Promoting stickiness. Embedded payments makes the app brand and card brand increasingly important. As in the above examples, simplicity and ease of use established each company’s app as the go-to choice for rides, food delivery and general purchasing. And, the payment card that’s entered in the app initially will be the card that’s top of wallet–indefinitely. Brand matters!

Liberating businesses to think outside the box. Embedded payments won’t only reduce the need for consumers to carry cash or even physical cards but will enable out-of-the-box thinking, leading to further positive disruption to the status quo by decoupling payment from the service or purchase.

Eliminating friction. All kinds of businesses, most especially those that don’t aspire to be financial services companies, will recognize embedded payments as the solution to eliminate the friction they now experience when they make or accept any type of payment.

Making it happen fast. Speed is the key. Non-financial services businesses looking to integrate embedded payment solutions will choose those that are seamless and based on powerful technology platforms, with the proven ability to implement fast–in weeks or even days.

A significant economic boom following the pandemic:

Leading the way with consumer spending. Reminiscent of the economic boom in the early 1920s following the end of the Spanish Flu, the U.S. will experience a strong consumer-led economic expansion after COVID-19.
Driven by deferred spending, COVID-built personal savings will drop as spending on travel, personal well being, eating out and in-person entertainment soars based on pent up demand.

Boosting business with government support. And businesses that have been negatively affected by COVID-19 will continue to bounce back, boosting the economy. Government support, which will be offered to help those who have been devastated by COVID-19, will ultimately be poured back into the economy.

Incorporation of fintechs into President-elect Biden’s stimulus package:

• Recognizing the success of fintechs in distributing the first round of COVID-19 stimulus payments, a tech-forward Biden administration will rely more heavily on neobanks, including many Galileo clients, to maximize efficient distribution of funds allocated in future stimulus packages, including the next–expected in early 2021.

Growth of fintech in Latin American will begin to rival that of the U.S.:

• After missing out on several cycles of technological developments within payments and banking, what was once a liability for LatAm fintech will prove an advantage to its growth.

Without the complications of an existing embedded infrastructure to be supported and maintained, LatAm fintechs are starting fresh, utilizing the latest technology and bypassing outdated legacy systems.

In the not too distant future, fintech growth in LatAm is likely to outpace the U.S.

Increased use of all forms of contactless payments is a permanent change:

Avoiding contact during payment.
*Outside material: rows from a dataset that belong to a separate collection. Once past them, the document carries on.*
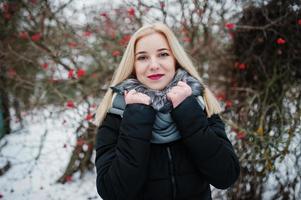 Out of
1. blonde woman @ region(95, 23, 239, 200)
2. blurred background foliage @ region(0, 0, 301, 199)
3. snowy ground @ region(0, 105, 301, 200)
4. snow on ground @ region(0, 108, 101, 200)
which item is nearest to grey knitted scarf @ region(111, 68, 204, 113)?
blonde woman @ region(95, 23, 239, 200)

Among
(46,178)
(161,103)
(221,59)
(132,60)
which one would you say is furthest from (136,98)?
(46,178)

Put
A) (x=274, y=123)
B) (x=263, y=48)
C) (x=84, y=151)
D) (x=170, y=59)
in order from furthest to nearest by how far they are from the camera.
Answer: (x=84, y=151) → (x=263, y=48) → (x=274, y=123) → (x=170, y=59)

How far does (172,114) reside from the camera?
4.69ft

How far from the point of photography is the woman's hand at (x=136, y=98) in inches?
56.1

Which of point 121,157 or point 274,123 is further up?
point 121,157

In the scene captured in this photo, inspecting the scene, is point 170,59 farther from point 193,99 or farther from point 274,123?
point 274,123

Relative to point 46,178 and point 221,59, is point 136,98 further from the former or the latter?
point 46,178

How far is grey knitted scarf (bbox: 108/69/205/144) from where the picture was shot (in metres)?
1.45

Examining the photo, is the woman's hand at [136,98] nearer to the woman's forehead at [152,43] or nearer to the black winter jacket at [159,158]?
the black winter jacket at [159,158]

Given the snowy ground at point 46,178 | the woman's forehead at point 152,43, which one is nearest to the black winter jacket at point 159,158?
the woman's forehead at point 152,43

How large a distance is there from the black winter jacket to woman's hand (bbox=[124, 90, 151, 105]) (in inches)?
0.9

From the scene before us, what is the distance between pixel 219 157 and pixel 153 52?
62 centimetres

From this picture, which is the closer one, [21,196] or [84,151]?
[21,196]

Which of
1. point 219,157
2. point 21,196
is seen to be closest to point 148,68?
point 219,157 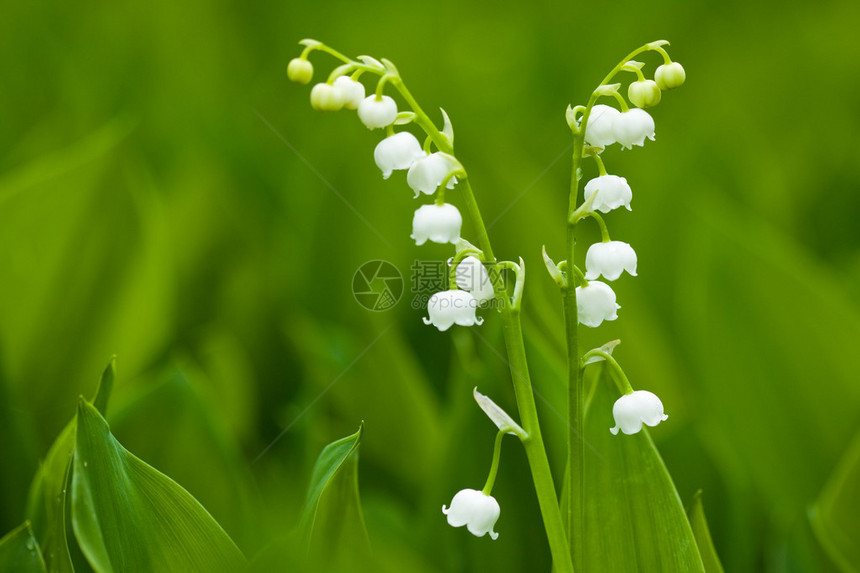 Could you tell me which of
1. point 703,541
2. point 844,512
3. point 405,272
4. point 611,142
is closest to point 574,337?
point 611,142

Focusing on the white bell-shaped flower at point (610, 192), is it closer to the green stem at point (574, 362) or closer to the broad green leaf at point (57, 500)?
the green stem at point (574, 362)

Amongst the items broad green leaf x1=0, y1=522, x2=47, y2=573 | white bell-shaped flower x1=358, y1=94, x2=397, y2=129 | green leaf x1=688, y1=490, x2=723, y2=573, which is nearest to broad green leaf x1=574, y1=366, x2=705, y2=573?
green leaf x1=688, y1=490, x2=723, y2=573

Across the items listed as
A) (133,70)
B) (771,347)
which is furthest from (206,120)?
(771,347)

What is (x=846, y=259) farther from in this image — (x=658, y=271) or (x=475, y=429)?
(x=475, y=429)

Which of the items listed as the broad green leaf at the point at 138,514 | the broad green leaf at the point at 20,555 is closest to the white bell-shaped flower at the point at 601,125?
the broad green leaf at the point at 138,514

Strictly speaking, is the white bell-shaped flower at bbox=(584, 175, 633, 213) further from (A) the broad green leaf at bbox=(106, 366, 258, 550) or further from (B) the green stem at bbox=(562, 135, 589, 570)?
(A) the broad green leaf at bbox=(106, 366, 258, 550) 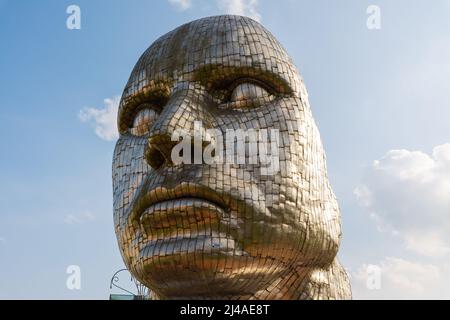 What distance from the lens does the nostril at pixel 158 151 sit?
568 cm

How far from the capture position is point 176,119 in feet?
18.8

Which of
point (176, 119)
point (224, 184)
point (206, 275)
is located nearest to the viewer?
point (206, 275)

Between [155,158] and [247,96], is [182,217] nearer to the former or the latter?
[155,158]

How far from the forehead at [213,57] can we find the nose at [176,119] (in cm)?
17

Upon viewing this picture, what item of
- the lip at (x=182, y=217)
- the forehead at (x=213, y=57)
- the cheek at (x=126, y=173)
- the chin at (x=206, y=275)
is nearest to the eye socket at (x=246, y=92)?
the forehead at (x=213, y=57)

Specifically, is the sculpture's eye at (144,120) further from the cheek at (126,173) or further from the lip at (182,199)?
the lip at (182,199)

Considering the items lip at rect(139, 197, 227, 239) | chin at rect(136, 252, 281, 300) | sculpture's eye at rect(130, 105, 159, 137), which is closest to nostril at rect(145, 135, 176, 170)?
lip at rect(139, 197, 227, 239)

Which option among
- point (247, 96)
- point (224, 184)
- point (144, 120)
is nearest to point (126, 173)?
point (144, 120)

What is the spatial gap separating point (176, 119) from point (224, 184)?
0.75m

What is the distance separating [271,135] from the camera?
5918mm

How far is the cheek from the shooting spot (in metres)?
6.17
COVID-19 has accelerated contactless payment adoption among a previously disinterested U.S. consumer market. The uptake in preference for tap-and-go payments, including cards and wearables, makes perfect sense in a health-safety conscious environment where no one wants to touch anything outside their homes that’s been touched by others. But COVID-inspired adoption has accelerated behavioral changes. Even after COVID has loosened its grip, consumers won’t give up the newly found convenience of contactless payments they were introduced to during the pandemic.

Decoupling shopping from physical locations. Similarly, COVID’s accelerating effect on e-commerce and m-commerce will continue long after the health crisis abates, as consumers have become hooked on the choice and convenience of shopping on their laptops and phones.